A principal promessa das tarifas de Trump vira fumaça

56
0
ARQUIVO -O

Um novo relatório do governo explode uma das principais promessas da política tarifária do presidente Donald Trump.

Em abril passado, Trump anunciado uma série de tarifas que atingiriam quase todos os países do planeta – uma medida que, segundo ele, impediria as empresas de importar bens, traria empregos industriais de volta aos Estados Unidos e reduziria o défice comercial.

Mas o Bureau of Economic Analysis dos EUA divulgou na quinta-feira seu relatório comercial mensal relatórioe concluiu que o défice comercial – ou a diferença entre a quantidade de bens que as empresas importam para os EUA e os que exportam para o estrangeiro – aumentou 95% em Novembro.

Sim, 95% – o maior aumento em um mês desde 1992.

De acordo com o relatório da BEA, as exportações de produtos fabricados nos EUA caíram 10,9 mil milhões de dólares em Novembro, para 292,1 mil milhões de dólares. Isso representa uma queda de 3,6% em relação a outubro. E as importações aumentaram 16,8 mil milhões de dólares, para 348,9 mil milhões de dólares, representando um aumento de 5,0% desde Outubro.

Isso significa que as empresas americanas ainda importam mais bens do que exportam, apesar das alegações de Trump de que estava a inaugurar um novo ressurgimento da produção americana.

Na verdade, os empregos industriais nos Estados Unidos recusou em 2025, com os trabalhadores das fábricas a perderem 8.000 empregos em Dezembro, de acordo com uma estimativa do Bureau of Labor Statistics divulgada no início deste mês.

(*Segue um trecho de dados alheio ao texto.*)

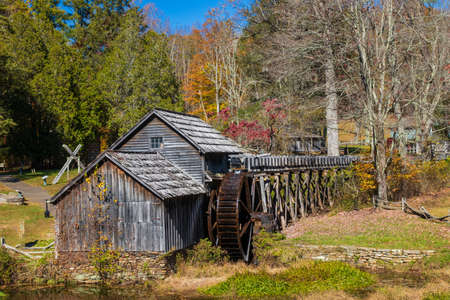 Mabry Grist Mill near the Blue Ridge Parkway in Virginia, USAの写真素材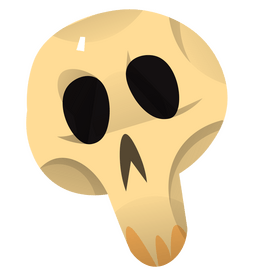 Halloween skull drawing clipart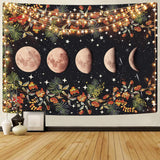 Vine & Phase of the Moon Printed Tapestry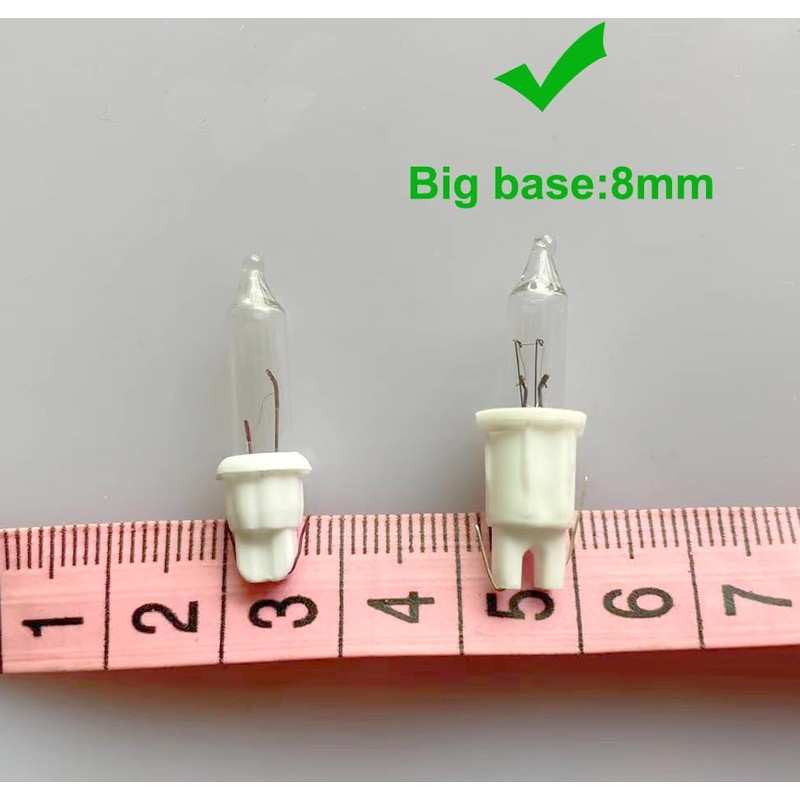 ShuoHui Clear 12 Volt Mini Christmas Replacement Bulbs for Incandescent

Na verdade, desde que Trump anunciou as suas tarifas do “Dia da Libertação”, o emprego nas fábricas caiu em mais de 70.000 empregos, de acordo com para a Reuters.

Além do mais, os preços continuam a aumentar – apesar da alegação de Trump de ter “resolvido“a inflação e que a questão do custo de vida está “acabada”.

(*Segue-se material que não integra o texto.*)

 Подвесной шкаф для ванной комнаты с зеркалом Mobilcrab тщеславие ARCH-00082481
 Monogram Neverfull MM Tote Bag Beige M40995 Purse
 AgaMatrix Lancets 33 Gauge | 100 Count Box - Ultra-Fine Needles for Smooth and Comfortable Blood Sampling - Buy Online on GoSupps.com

Um navio porta-contêineres está atracado no porto de Long Beach, na Califórnia, em abril passado.

Não é de admirar que o sentimento do consumidor esteja a despencar.

Dana Peterson, economista-chefe do The Conference Board, que mede a confiança do consumidor, disse num comunicado de imprensa de terça-feira, “As referências aos preços e à inflação, aos preços do petróleo e do gás e aos preços dos alimentos e mercearias permaneceram elevados”.

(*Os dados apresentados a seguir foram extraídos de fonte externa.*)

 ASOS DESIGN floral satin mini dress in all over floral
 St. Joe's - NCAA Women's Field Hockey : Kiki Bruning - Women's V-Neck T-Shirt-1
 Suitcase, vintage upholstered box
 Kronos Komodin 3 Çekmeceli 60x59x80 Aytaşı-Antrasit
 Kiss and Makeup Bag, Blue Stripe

É claro que o foco na redução das importações, a fim de trazer de volta a indústria, nunca foi uma estratégia sólida. Os trabalhadores americanos querem empregos com salários mais elevados, e não empregos que façam trabalho servil nas linhas de montagem.

No entanto, esse foi o propósito declarado de Trump para as tarifas de Trump, com o secretário do Comércio Howard Lutnick, um bilionáriodizendo na época que as tarifas de Trump garantiria que os americanos trabalhariam em fábricas “pelo resto da vida” e gostariam disso. Sim, não, obrigado, amigo.

Em última análise, as tarifas de Trump não fizeram nada além de causar dor ao povo americano.

É por isso que as pesquisas mostram que os americanos detestam a política, com apenas 37% dos eleitores registrados apoiando as tarifas, de acordo com uma reportagem da Fox News. enquete lançado quarta-feira.

E enquanto os americanos recuam horror no capangas violentos que Trump libertou para os americanos, é o facto de a economia ainda ser uma merda que irá afectar o Partido Republicano em Novembro deste ano.